AVAILABLE DATA:
----------------------------------------

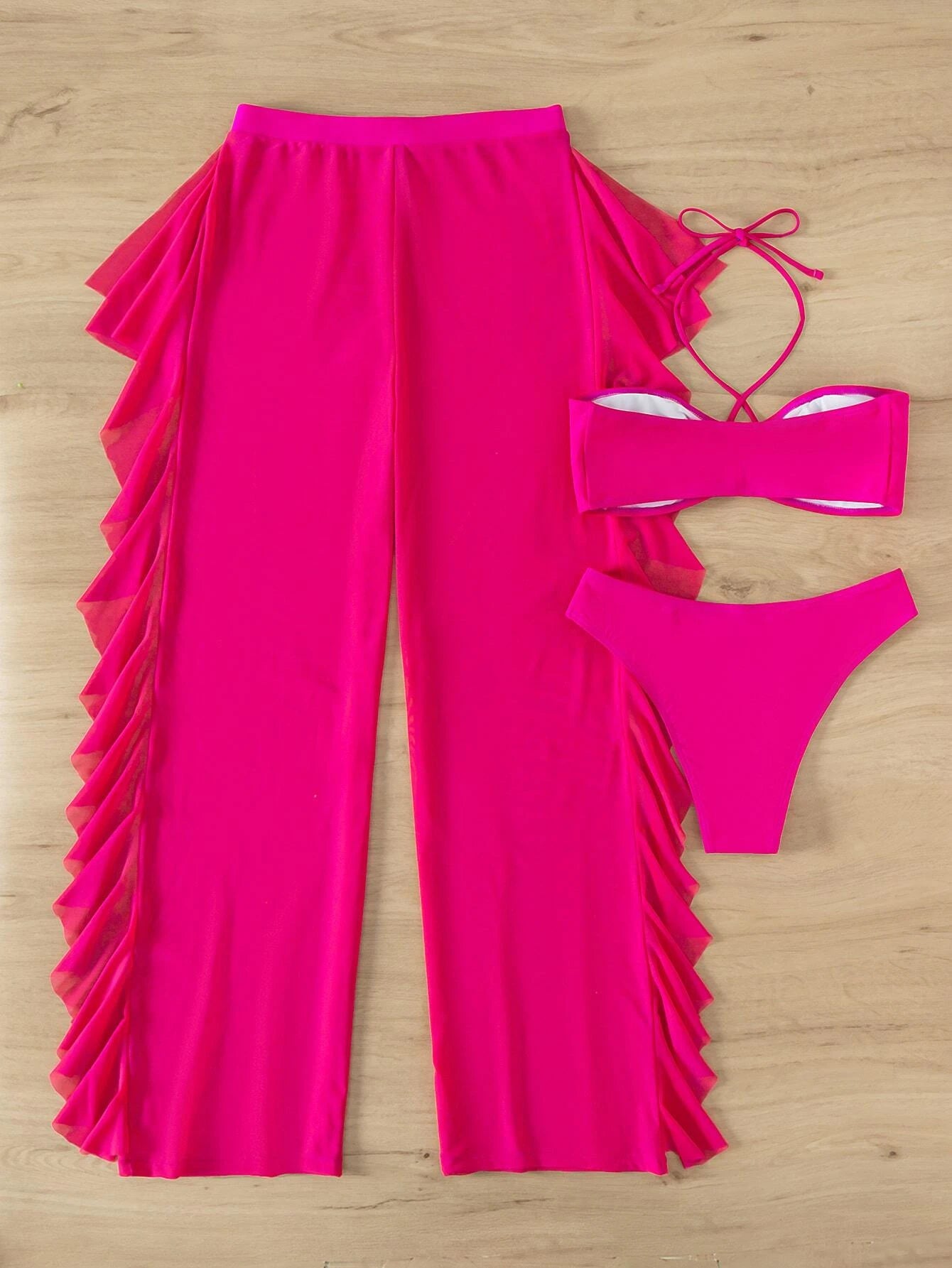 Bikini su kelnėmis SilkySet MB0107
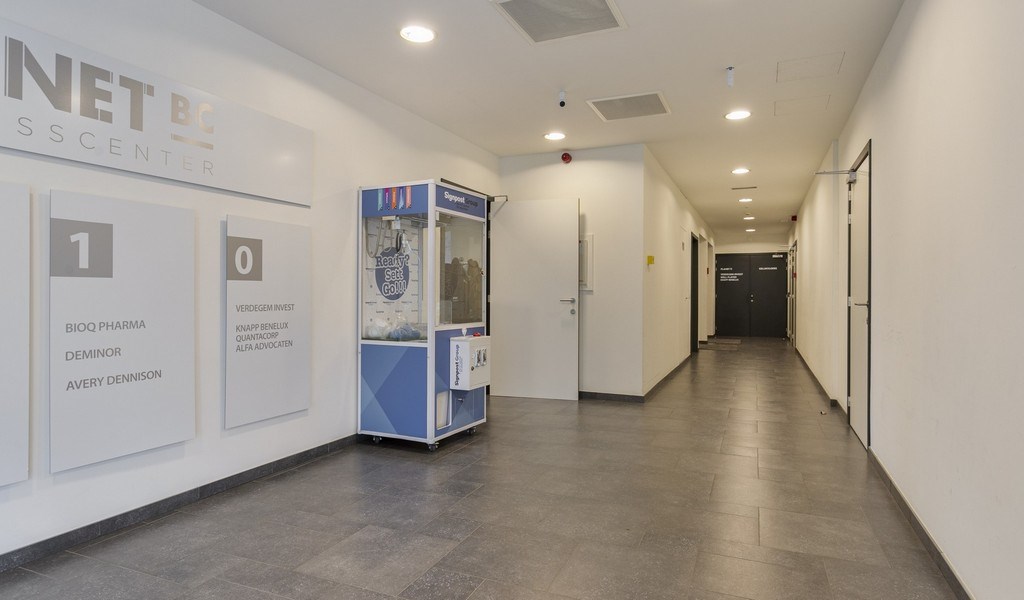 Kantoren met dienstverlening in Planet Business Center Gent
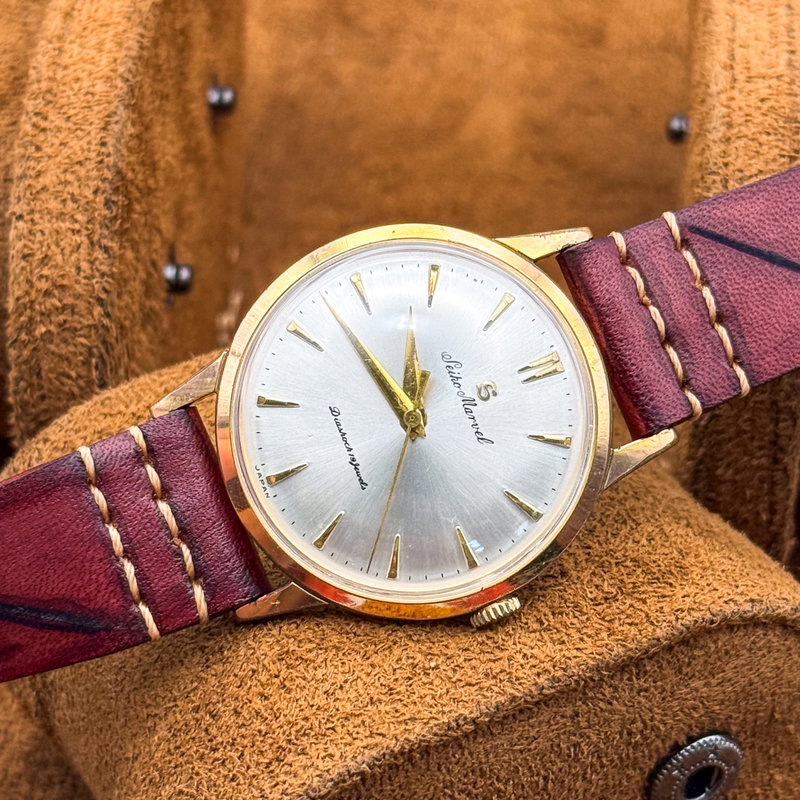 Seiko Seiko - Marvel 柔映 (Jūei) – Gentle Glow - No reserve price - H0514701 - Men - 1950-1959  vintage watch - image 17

----------------------------------------

DIRECTIONS: Copy the whole of the material above exactly, but not its images.

EXERCISE ANSWER:
 Bikini su kelnėmis SilkySet MB0107
 Kantoren met dienstverlening in Planet Business Center Gent
 Seiko Seiko - Marvel 柔映 (Jūei) – Gentle Glow - No reserve price - H0514701 - Men - 1950-1959  vintage watch - image 17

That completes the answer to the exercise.